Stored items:

★ ★ ★ ★

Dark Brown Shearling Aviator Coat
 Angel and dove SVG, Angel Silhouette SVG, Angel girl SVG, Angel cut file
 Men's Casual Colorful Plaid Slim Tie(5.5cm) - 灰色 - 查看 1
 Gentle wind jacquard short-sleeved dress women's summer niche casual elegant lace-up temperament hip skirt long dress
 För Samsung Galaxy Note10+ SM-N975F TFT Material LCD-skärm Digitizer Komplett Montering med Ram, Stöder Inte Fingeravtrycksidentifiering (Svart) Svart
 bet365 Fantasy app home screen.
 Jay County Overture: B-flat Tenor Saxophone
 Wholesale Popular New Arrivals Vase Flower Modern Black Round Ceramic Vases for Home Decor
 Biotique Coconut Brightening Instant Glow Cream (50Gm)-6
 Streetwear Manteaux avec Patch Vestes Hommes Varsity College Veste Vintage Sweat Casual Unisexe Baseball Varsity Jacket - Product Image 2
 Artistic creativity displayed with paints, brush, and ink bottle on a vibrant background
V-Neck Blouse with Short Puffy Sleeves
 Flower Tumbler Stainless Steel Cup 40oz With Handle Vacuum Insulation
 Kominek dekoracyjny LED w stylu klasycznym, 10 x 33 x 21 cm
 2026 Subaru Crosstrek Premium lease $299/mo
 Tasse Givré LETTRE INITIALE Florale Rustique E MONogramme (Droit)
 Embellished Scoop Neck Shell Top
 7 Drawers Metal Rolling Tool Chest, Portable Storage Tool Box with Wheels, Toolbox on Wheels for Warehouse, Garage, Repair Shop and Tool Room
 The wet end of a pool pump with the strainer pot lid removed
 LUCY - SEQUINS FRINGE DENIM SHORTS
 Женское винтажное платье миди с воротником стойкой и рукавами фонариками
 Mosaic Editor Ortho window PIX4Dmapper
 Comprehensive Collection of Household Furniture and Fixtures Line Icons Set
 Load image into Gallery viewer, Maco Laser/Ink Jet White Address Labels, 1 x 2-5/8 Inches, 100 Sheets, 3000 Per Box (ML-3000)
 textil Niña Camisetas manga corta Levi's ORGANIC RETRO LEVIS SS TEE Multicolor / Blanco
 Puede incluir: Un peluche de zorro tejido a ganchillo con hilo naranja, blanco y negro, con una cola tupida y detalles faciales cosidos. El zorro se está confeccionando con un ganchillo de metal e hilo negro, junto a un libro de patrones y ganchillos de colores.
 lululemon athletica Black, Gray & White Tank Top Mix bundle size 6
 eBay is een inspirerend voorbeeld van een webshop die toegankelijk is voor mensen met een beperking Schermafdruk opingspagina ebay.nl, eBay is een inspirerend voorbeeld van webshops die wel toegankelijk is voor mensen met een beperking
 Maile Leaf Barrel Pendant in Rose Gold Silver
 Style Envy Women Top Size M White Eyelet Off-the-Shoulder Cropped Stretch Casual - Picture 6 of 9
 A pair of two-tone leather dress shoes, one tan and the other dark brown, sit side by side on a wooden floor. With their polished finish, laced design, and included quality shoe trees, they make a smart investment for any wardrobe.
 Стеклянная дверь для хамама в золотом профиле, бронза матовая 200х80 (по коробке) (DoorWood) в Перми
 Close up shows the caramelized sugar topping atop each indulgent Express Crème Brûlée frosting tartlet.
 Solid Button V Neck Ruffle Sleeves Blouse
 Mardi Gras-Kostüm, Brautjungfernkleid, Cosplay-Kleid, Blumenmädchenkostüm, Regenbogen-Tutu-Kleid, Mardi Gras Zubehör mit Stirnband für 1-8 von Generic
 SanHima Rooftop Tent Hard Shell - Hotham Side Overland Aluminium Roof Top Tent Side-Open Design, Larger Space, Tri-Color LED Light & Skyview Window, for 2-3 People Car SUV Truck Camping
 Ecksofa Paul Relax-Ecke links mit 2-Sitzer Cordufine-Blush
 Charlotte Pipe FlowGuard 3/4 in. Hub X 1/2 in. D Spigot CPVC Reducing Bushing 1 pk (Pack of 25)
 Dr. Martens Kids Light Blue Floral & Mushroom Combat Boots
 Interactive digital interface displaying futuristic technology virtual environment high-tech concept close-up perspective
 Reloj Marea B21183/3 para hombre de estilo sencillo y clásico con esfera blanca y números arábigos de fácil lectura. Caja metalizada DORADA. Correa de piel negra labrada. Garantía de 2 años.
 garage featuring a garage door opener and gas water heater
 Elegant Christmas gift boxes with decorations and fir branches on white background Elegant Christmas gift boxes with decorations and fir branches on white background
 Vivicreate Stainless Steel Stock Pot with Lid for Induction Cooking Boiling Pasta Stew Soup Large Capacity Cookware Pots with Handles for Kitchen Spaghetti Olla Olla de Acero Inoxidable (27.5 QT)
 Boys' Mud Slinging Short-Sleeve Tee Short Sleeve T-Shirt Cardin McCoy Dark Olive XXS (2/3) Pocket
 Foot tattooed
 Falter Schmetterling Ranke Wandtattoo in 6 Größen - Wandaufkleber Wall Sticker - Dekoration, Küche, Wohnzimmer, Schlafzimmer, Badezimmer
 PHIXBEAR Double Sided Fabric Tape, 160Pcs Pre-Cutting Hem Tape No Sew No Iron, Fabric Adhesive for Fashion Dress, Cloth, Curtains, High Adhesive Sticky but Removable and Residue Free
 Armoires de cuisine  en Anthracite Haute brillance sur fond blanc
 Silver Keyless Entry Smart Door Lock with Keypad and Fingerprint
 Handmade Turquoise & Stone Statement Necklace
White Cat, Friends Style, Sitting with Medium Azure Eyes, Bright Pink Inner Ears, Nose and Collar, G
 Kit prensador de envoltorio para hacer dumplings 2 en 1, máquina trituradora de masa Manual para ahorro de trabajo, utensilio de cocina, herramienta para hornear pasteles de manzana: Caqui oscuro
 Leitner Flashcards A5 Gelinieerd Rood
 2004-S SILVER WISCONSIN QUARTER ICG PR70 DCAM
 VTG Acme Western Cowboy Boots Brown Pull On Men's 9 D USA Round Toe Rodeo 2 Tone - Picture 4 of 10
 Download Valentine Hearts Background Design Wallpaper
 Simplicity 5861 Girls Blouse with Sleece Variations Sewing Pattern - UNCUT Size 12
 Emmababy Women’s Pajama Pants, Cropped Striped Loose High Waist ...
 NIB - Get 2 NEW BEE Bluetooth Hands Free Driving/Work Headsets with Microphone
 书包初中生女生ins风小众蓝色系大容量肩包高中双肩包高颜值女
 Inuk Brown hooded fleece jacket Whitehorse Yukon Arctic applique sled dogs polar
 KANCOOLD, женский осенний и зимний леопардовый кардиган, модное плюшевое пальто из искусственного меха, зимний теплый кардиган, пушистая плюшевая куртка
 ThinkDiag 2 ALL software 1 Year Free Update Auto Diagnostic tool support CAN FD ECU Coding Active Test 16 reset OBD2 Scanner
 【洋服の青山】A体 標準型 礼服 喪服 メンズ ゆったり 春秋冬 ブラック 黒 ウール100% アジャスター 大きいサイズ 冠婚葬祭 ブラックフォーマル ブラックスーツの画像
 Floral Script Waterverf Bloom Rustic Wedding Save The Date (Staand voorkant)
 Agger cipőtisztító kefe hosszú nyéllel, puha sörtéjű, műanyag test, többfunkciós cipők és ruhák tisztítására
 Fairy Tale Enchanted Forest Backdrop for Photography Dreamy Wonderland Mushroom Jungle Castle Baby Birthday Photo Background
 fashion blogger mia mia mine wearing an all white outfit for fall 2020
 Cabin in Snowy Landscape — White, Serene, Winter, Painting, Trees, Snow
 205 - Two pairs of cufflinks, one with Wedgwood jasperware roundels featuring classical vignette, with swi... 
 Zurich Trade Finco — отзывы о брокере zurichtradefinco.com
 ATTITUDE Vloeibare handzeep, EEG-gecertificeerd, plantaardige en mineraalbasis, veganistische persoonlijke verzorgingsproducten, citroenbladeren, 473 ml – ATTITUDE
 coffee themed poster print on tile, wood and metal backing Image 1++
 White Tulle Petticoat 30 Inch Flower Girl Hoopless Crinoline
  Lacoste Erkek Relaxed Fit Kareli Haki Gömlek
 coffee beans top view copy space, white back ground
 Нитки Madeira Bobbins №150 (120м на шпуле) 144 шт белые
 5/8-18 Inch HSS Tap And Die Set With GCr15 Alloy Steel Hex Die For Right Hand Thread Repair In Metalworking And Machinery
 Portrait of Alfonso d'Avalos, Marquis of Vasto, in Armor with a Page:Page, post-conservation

★ ★ ★ ★

#### ASSIGNMENT:
Taking the line with "2004-S SILVER WISCONSIN" as the first and the line with "KANCOOLD, женский осенний" as the last, retype that stretch of the data above exactly, with no other lines.

#### RESPONSE BOX:
 2004-S SILVER WISCONSIN QUARTER ICG PR70 DCAM
 VTG Acme Western Cowboy Boots Brown Pull On Men's 9 D USA Round Toe Rodeo 2 Tone - Picture 4 of 10
 Download Valentine Hearts Background Design Wallpaper
 Simplicity 5861 Girls Blouse with Sleece Variations Sewing Pattern - UNCUT Size 12
 Emmababy Women’s Pajama Pants, Cropped Striped Loose High Waist ...
 NIB - Get 2 NEW BEE Bluetooth Hands Free Driving/Work Headsets with Microphone
 书包初中生女生ins风小众蓝色系大容量肩包高中双肩包高颜值女
 Inuk Brown hooded fleece jacket Whitehorse Yukon Arctic applique sled dogs polar
 KANCOOLD, женский осенний и зимний леопардовый кардиган, модное плюшевое пальто из искусственного меха, зимний теплый кардиган, пушистая плюшевая куртка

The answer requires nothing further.